Entre cacofonia e entendimentos parciais, as tecnologias crypto são na maior parte do tempo vistas como meramente especulativas. Ainda que, de fato, haja a faceta mercadológica, ao focar no aspecto financeiro deixamos de lado o mecanismo de funcionamento e todos os usos possíveis.

Parece estranho falar sobre usos governamentais de uma tecnologia que levanta a bandeira da descentralização. Entretanto, é enganoso achar que nossa sociedade em sua forma atual consegue prescindir das instituições governamentais. Vivemos na ilusão da democracia representativa, onde muitas vezes o voto é o único mecanismo político utilizado pela grande maioria da população. Uma vez eleitos, os governantes operam dentro de sua bolha burocrática, tornando os eleitores meros observadores com informações parciais. Levar a blockchain para esfera governamental é facilitar a participação social.

Uma aplicação simples e possível é trazer transparência. Voltando à questão das emendas. No dia 5 de Julho o Governo Federal liberou R$ 2,1 bilhões em emendas (maior valor liberado em um único dia desde o início do mandato). A liberação ocorreu na véspera de votações que diretamente interessavam ao governo. Vale ressaltar que o maior volume de emendas foi para o partido do presidente da Casa, Arthur Lira. Fica claro que as emendas têm como principal função influenciar os votos dos deputados em pautas de interesse do governo, não há relação direta entre a destinação das verbas e benefícios para a população.
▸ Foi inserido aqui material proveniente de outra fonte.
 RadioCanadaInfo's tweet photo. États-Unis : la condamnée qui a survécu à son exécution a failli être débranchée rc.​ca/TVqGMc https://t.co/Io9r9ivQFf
Para onde vão estes bilhões? A forma como este dinheiro é aplicado e seu destino final não é claro, a forma “orgânica” como a falta de transparência está institucionalizada é um dos motores da corrupção e do descontrole das contas públicas. E neste sentido que a blockchain é extremamente importante para uma mudança técnica na aplicação dos recursos públicos.
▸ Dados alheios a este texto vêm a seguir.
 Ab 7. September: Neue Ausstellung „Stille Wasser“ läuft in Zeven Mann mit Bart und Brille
A blockchain não é a panaceia contra fraudes e corrupção, é uma ferramenta eficaz e eficiente para a gestão, seja de instituições descentralizadas ou não. Uma rede onde as informações anexadas são imutáveis e a integridade processual é assegurada. Neste mecanismo a transparência é uma parte inerente do funcionamento.

Considerações Finais

As tecnologias crypto cada vez mais se afirmam como parte do cotidiano em um movimento crescente que tende a ser absorvido em massa, em variados casos de uso que não se restringem ao aspecto financeiro.
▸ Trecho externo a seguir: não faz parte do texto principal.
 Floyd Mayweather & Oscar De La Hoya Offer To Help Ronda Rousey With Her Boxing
Levando em consideração o mecanismo arcaico em funcionamento dentro das instituições políticas brasileiras, não é difícil encontrar casos de uso onde a tecnologia crypto seria um aprimoramento. É interessante pensar nos avanços possíveis, diminuindo a burocracia, aumentando a transparência e facilitando a participação direta da população. É fácil cair em divagações teóricas em cenários fictícios, entretanto, a realidade é que a implementação dessas tecnologias depende da vontade dos governantes. Uma das bases fundamentais das tecnologias crypto é a transparência, e talvez a transparência seja o fator de mais fácil implementação possível. Todavia, deixando claro como “possível” pois depende da vontade dos atores políticos de colocar em prática estes mecanismos.

Ainda que pareça ilusório esperar que a classe política assuma bandeiras que realmente avancem no combate a corrupção e diminuição da burocracia, a expansão tecnológica é uma realidade inevitável. Para além da blockchain existem outras tecnologias cuja implementação governamental é benéfica para a população. Desde de maio deste ano, o Supremo Tribunal Federal usa um sistema de IA (chamado VitórIA) para agrupar processos por similaridade de tema. Para os envolvidos no projeto, este é apenas a porta de entrada para mudanças no funcionamento do mecanismo jurídico, neste sentido, é o vislumbre de uma possível entrada para a blockchain em uma instituição governamental.

Do ponto de vista técnico, já é possível a implementação de blockchain na esfera pública. Todavia, esse é um avanço ainda pouco entendido e ainda no início. São interessantes perspectivas que nos deixam a questão de como avançar na pauta crypto na esfera política.